Let's comb the process of obtaining and releasing read-write locks again, as shown below.
- When obtaining a read lock, the lock value variable lock count subtracts 1 to determine whether the sign bit of the result is 1. If the result symbol bit is 0, the lock is successfully read, which means that the lock is greater than 0.

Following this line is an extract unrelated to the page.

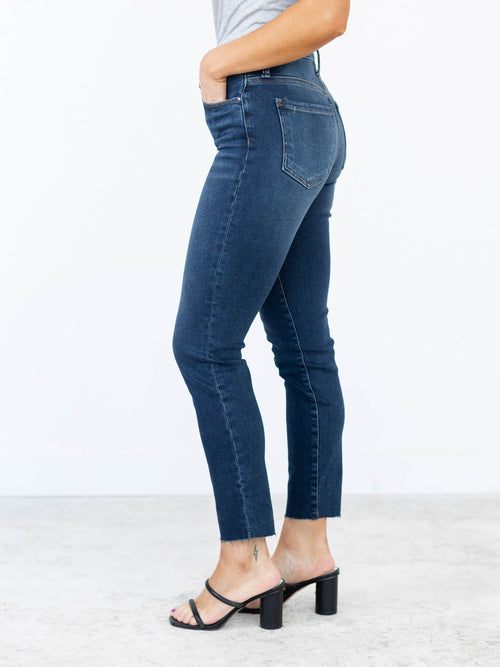 KUT from the Kloth-KUT Utmost Charlize High Rise Cigarette - Leela and Lavender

- When obtaining a read lock, the lock value variable lock count subtracts 1 to determine whether the sign bit of the result is 1. If the result symbol bit is 1, the read-write lock acquisition fails, indicating that the read-write lock is occupied by the process modifying the data. Call__ read_ lock_ The failed failure handler function loops through the value of lock+1 until the value of the result is greater than or equal to 1.
- When obtaining a write lock, the lock value variable lock count minus RW_LOCK_BIAS_STR, i.e. lock-0x01000000, judge whether the result is 0. If the result is 0, it indicates that the write lock is obtained successfully.
- When obtaining a write lock, the lock value variable lock count minus RW_LOCK_BIAS_STR, i.e. lock-0x01000000, judge whether the result is 0. If the result is not 0, obtaining the write lock fails, which means that a process reading data occupies the read lock or a process modifying data occupies the write lock. Call__ write_lock_failed processing function, loop test lock+0x01000000 until the value of the result is equal to 0x01000000.